Wheat pricing has been extremely volatile in the last 2 years. This couldn’t have come at a worst time for a group of farmers looking to market their wheat based on a true cost of production. The bottom line is that commodity wheat has not treated the American farmer very well. While stable (relatively low) prices have some predictability, the truth is that yield and quality vary significantly based on Mother Nature, which can be pretty fickle to predict. (Ignore for the moment all the wisdom in the Farmer’s Almanac.) So while moisture and temperature might dictate whether a farmer has a good yield, some commodity trader a thousand or two-thousand miles away determines whether that family farmers pays down any debt this season or not! Worst scenario I learned about is the farmer who pre-sells a certain amount of wheat at a price in order to get access to the funds during the growing season and then has a yield below expectation. Now they actually “owe” wheat and guess what? The current price is double what they were paid when they set a contract! How good is your crystal ball?

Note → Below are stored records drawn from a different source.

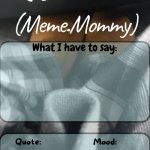 Demonic.Lu temp meme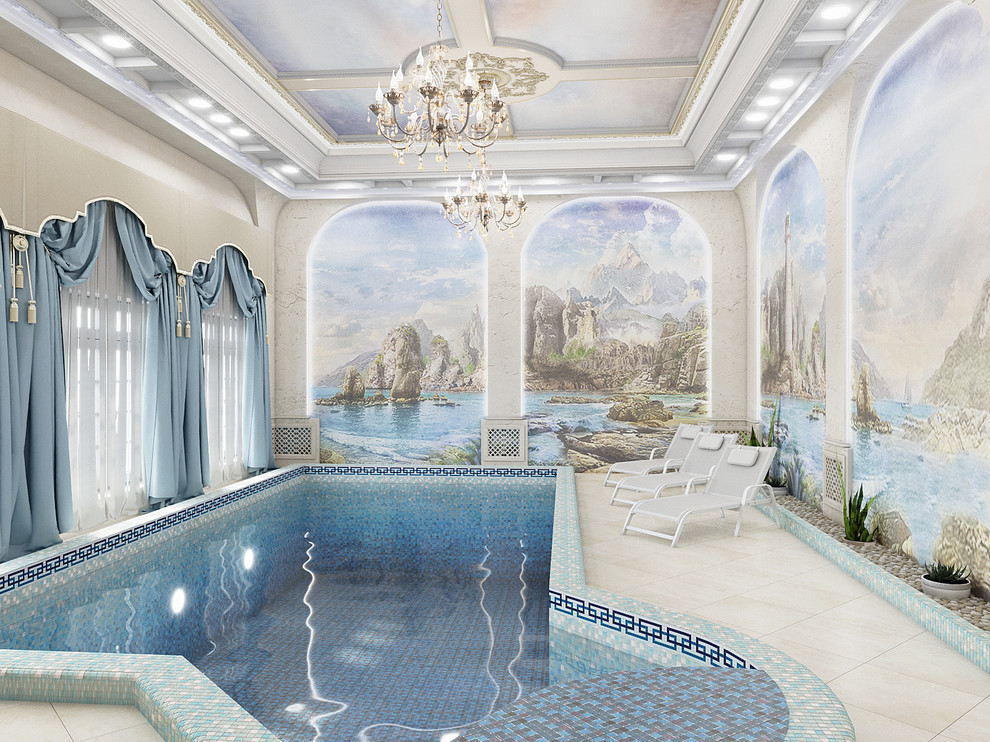 Обложка проекта: Бассейн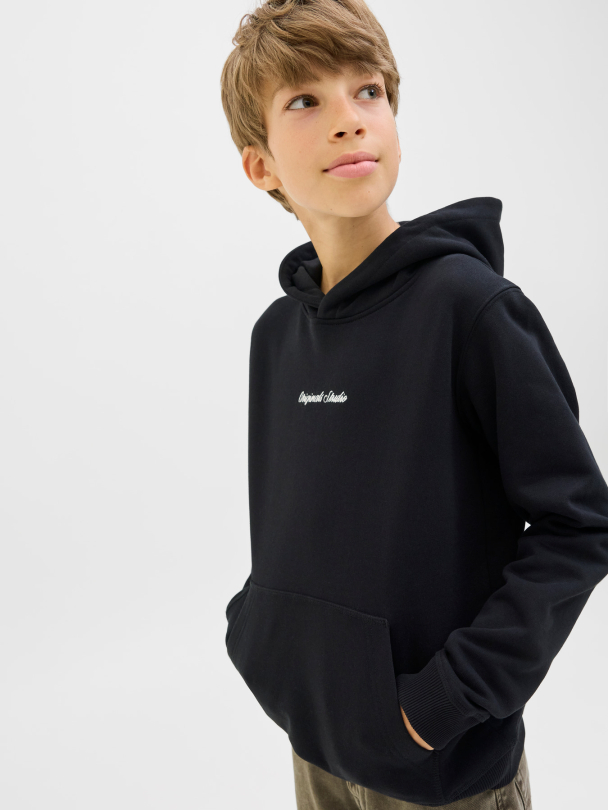 JORNORREBRO EMB SWEAT HOOD NOOS JNR - Image 3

The Shepherd’s Grain group is trying something different – reality-based pricing. They actually calculate their true cost of production, add a very modest profit and divide by the actual yield in bushels to get a price. Radical, I know. (Ohh and yes, they put back into the costs any subsidies they received from the government!)
Stone-Buhr is going to support these farmers – whether their price is above or below a commodity price. This might end up hurting at times but it seems to me to be the only “sustainable” relationship we can establish.
And let’s talk about commodity pricing for a minute – how is this reality just because a third-party market says so. What we learned after AIG imploded was that many dollars of the current commodity price were related to their positions in the market which was all about paper and not about wheat. When they imploded they sold sold sold their positions which drove down the price of wheat. And guess what? They weren’t alone and lots of funds started to liquidate their commodity positions to generate the cash they needed. Ugghhh. Why in the world should a family wheat farmer in the middle of nowhere Washington State be affected so significantly by a Wall Street commodity trader? OK it’s the system, I get it, but the reality is that when harvest came in 2008 the local grain elevators price for their newly harvest wheat was below their cost of production. Remember it was less then a year earlier when wheat was selling at a 30 year high! Ugghhh, want to be a farmer now?
And lastly, if there ever were questions whether there might have been some “speculation” in the wheat commodity markets, can we agree now the answer was, “of course!” (I’m talking to you Steve!)